The highways and secondary roadways are busy this summer. People are on the move after more than one year of reduced mobility. The cost of gas, around $2.80 a gallon in San Antonio, averaged more than $2.92 in the small town stops west of San Angelo. By the time we crossed into New Mexico, the lowest price we found was $3.09.
It’s a long, monotonous road to Lubbock, with fenceposts and sagebrush and clouds floating on the long horizon for as far as the eye can see. An overnight stay in Lubbock is a welcome pause, a growing city of 255,000 that’s home to Texas Tech University offers the traveler appealing options.
This is the third road trip west in recent years where I have stopped to recharge in Lubbock. MacKenzie Park is a great destination for travelers with a dog, with its spacious, grassy parks for small and large canines, an 18-hole golf course, frisbee golf, and lots of rolling green space for joggers and walkers.
And then there is Prairie Dog Town inside the park. If the words “lovable” and “rodent” can go hand-in-hand, it’s here. The colony of burrowing, semi-tame prairie dogs are naturally herbivorous, so it’s disheartening to see tourists feeding them Cheetos and other junk food snacks. We saw no signage discouraging the practice.
We stayed at the newly opened, 165-room Cotton Court Hotel in downtown Lubbock, about one mile from Texas Tech on Broadway, next to the Depot District. Our rooms opened up to a large, landscaped public courtyard featuring outdoor fireplaces, numerous hammocks and rocking chairs, and a large pool and deck. The plaza turns passing strangers into momentary friends. The retro design and well-crafted buildings offer a hotel experience that would cost three or four times the local rates were it located in Austin or Dallas.

We dined at La Sirena Cocina, a Spanish tapas bar with a dog-friendly patio and a welcoming staff with entrees and cocktails that could hold their own with restaurants at the Pearl or in Southtown. One son traveling separately from us gave good reviews to Manara Cafe and its Middle Eastern cuisine.
The next morning we headed west to Taos, happy by the afternoon to be leaving behind the small towns of West Texas, and the flat landscapes and vast emptiness of eastern New Mexico with its occasional crumbling dwellings in small ghost settlements. Our excitement grew as we began to gain elevation in Mora County, once a vast Spanish land grant, on the road from Las Vegas, New Mexico, to Taos. Fences and desert flatland gave way to steep rock faces, tall conifers, and running streams winding alongside the roadways. Temperatures dropped nearly 30 degrees as we crested the mountain pass at 9,000 feet and began our descent into Taos.
Along the way, we searched for information about wildfires and air quality, knowing at least one fire burned near Albuquerque.
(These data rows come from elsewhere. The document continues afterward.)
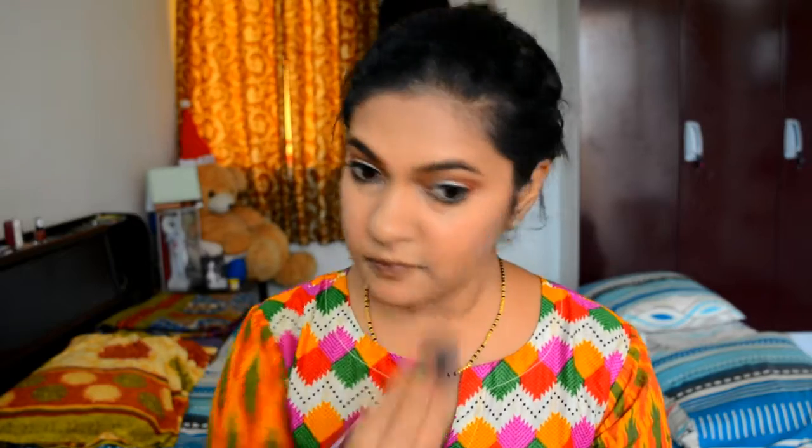Next I am using the same Sivana Colors bronzer — using the lighter shades to add highlight to my cheeks, forehead, and chin. I really love the effect of this; it is such a pretty highlighter.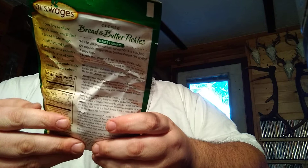Quick process pickle mix — enhance your pickled cucumbers, made with natural ingredients. This makes seven quarts. Canning made easy. You're going to need nine to eleven pounds of pickling cucumbers if you want to use this whole bag. About fifty 3-4 inch cucumbers is what it's saying.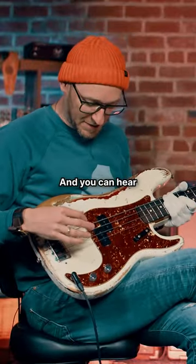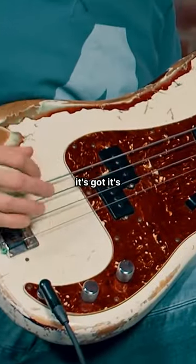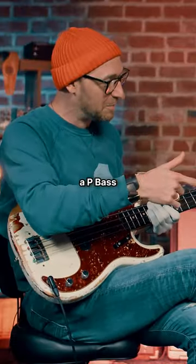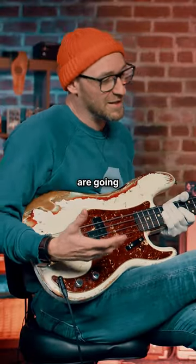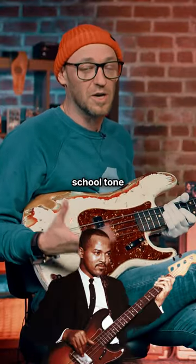Here I've got the P bass back again, and you can see that it's got flatwound on it, and Ian's got a P bass that has got tapewound on it. Both of these strings are going to give you more of an old-school tone and sound.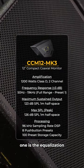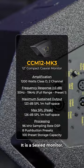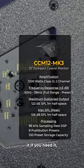What's special about this one is the equalization and the boundary compensation programming. It is a sealed monitor, and this sealed box allows us to push a little bit more low-end into it if you need it.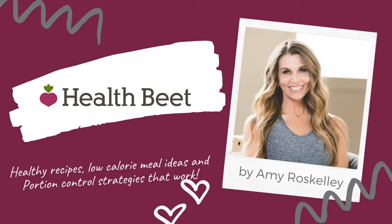Hey guys, welcome back to my channel. My name is Amy — if you're new here, I'm from the blog Health Beat. Today I wanted to share my quick tip on how I cook asparagus and how you can have asparagus in your diet as well. It's so fast and easy it'll have you eating this every single day.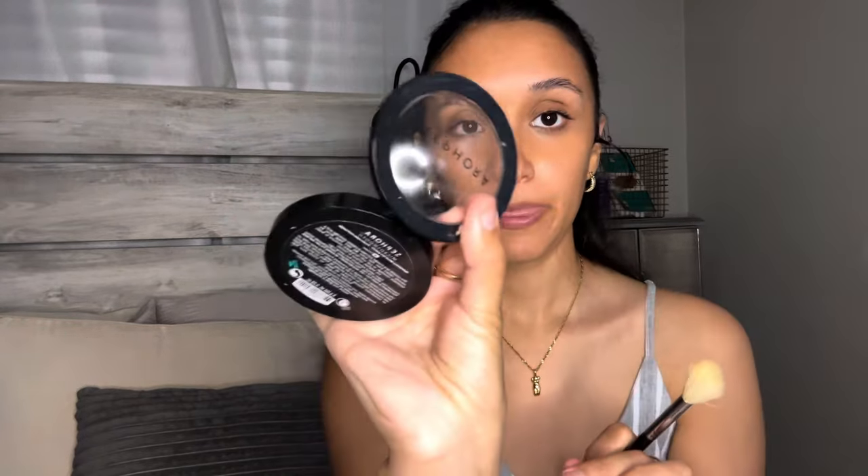Instead of using such a harsh brush, I'm gonna use this and then place it where I concealed.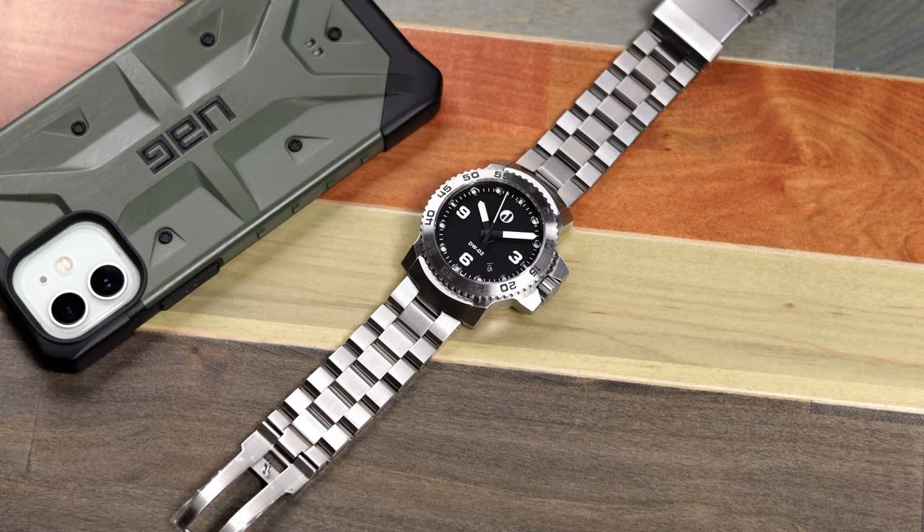Hey there everyone, Don Evans here from WatchReport.com. Today I have a prototype of the Duzu DW-D2 Diver. Now Duzu is known for watches that are a little outside the box — watches that evoke a classic design but with their own style and flair, and ones that really cannot be considered an homage to anything out there.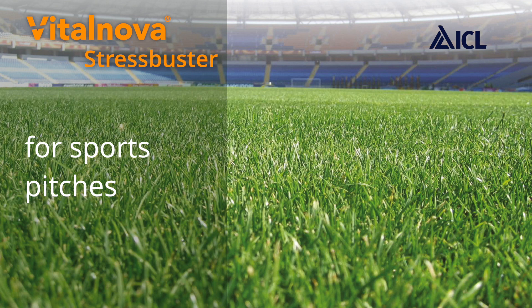For the sports pitch manager, VitalNova Stress Buster has proved to be an invaluable tank mix partner with nutrition or sometimes with a partner pigment product, to provide exceptional turf colour and a high quality pitch surface.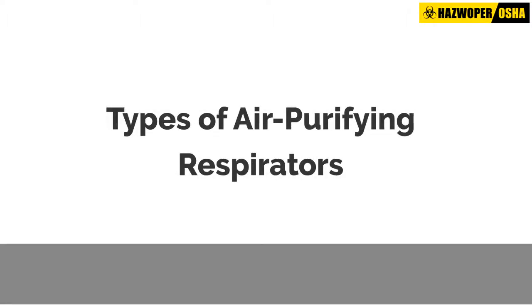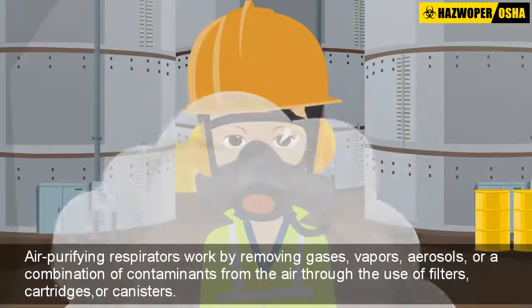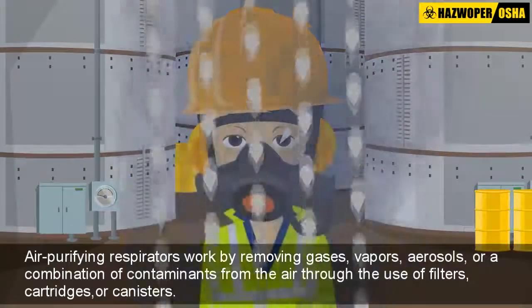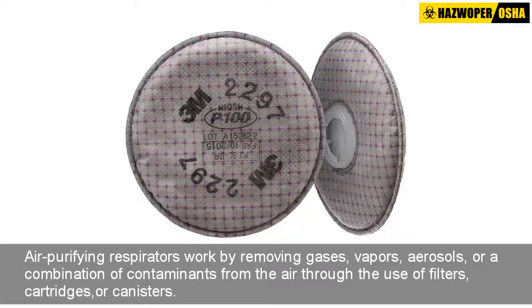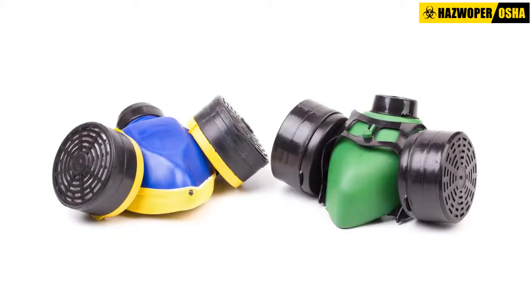Air purifying respirators work by removing gases, vapors, aerosols, or a combination of contaminants from the air through the use of filters, cartridges, or canisters. These respirators do not supply oxygen from a source other than the working atmosphere.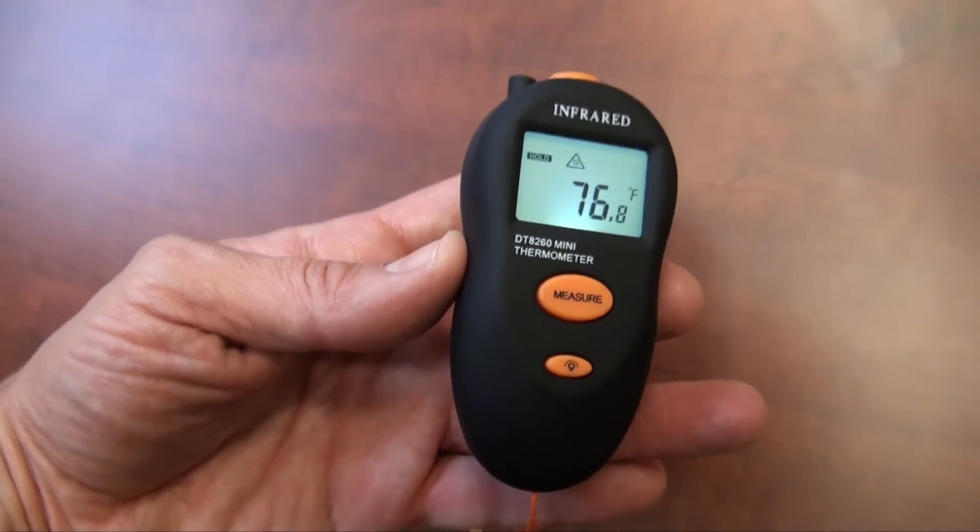Hi, this is Steve the Pet Man for BigApplePetSupply.com, bringing intelligent pet products to your door. This is our new Big Apple Digital Infrared Laser Thermometer.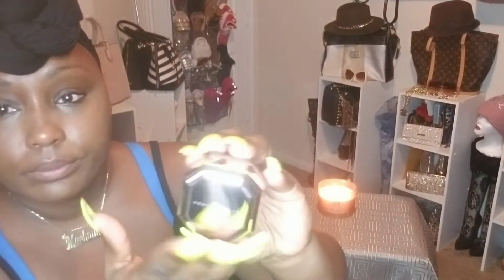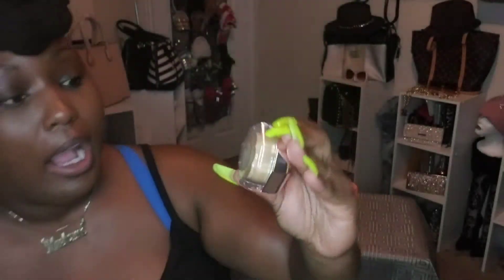This is the Fenty Setting Powder in the color honey. The guy at Sephora recommended this — he was super nice. I have the Anastasia setting powder, but I don't want a lot of flashback when I take pictures. I have the translucent Anastasia and a banana powder from another brand, but I haven't tried baking yet. I want to start doing that, so I'm very excited about it.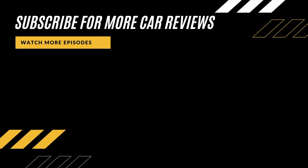If you liked this video, please don't forget to smash the like button for the YouTube algorithm, and subscribe to my channel to see more car reviews.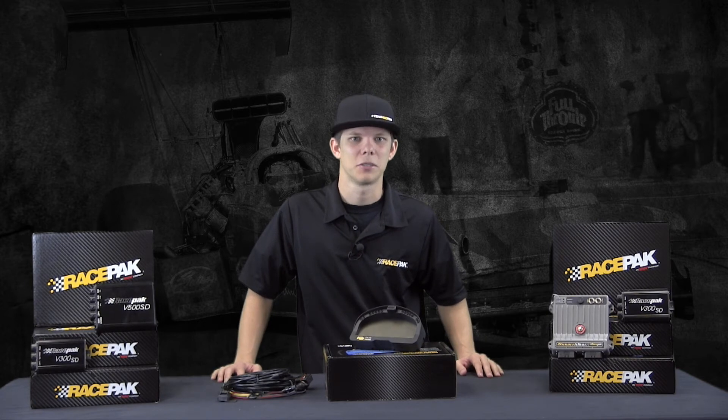Looking to add some additional sensors such as fuel pressure or pan vacuum? No problem — the IQ3 Drag Dash allows you to add up to 6 additional VNet pressure or temperature sensors, just like any of our other data loggers.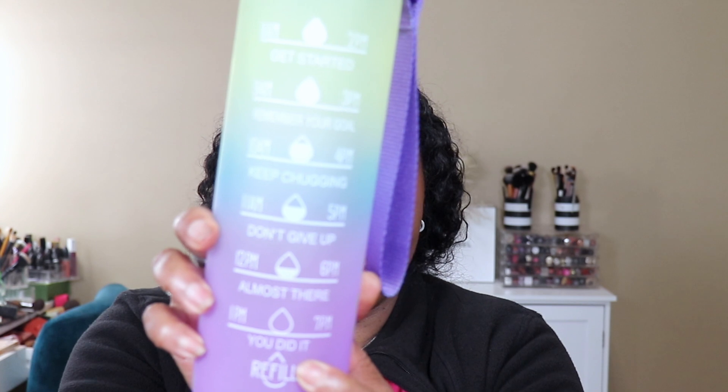It says: at 9 p.m. remember your goal, at 10 keep chugging, at 11 don't give up, at 12 almost there, and at 7 p.m. you did it! This is really soft — it doesn't feel like plastic even though I know it is. It's got some kind of coating and it comes with a sippy straw that you can cover up.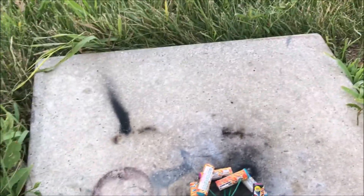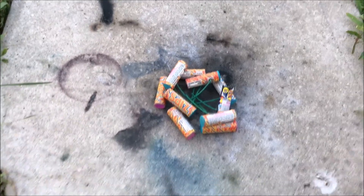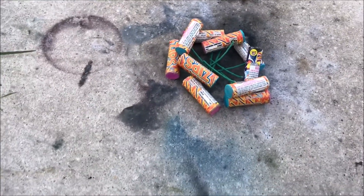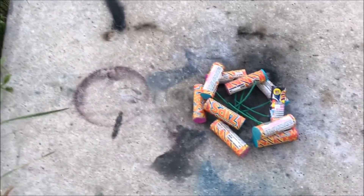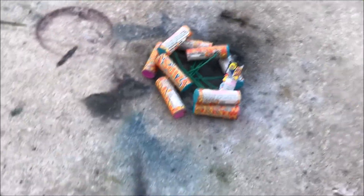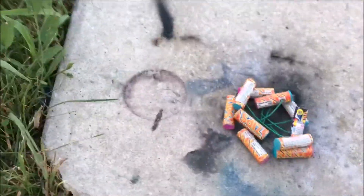Hey guys, and welcome back to a brand new video today. It's a very short video, kind of a silly one too. I'm just going to light 10 zips, or speed balls, whatever you want to call them — where I get them from they are called zips. The fourth is coming up very soon. This probably won't be too exciting, but who knows, things will probably fly back at me. Let's go ahead and do this.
A fireball sunset to the west suggested a view screened by smoke, and we soon felt its irritating presence in our eyes and throats.
A meandering evening walk to the Taos Plaza helped us and our rescue dog, Cacteye, recover from two days in a vehicle. A crowd filled the plaza for live music, some couples dancing to the easy rock harmonies, others just hanging out as temperatures dropped into the 50s, and we donned long sleeves.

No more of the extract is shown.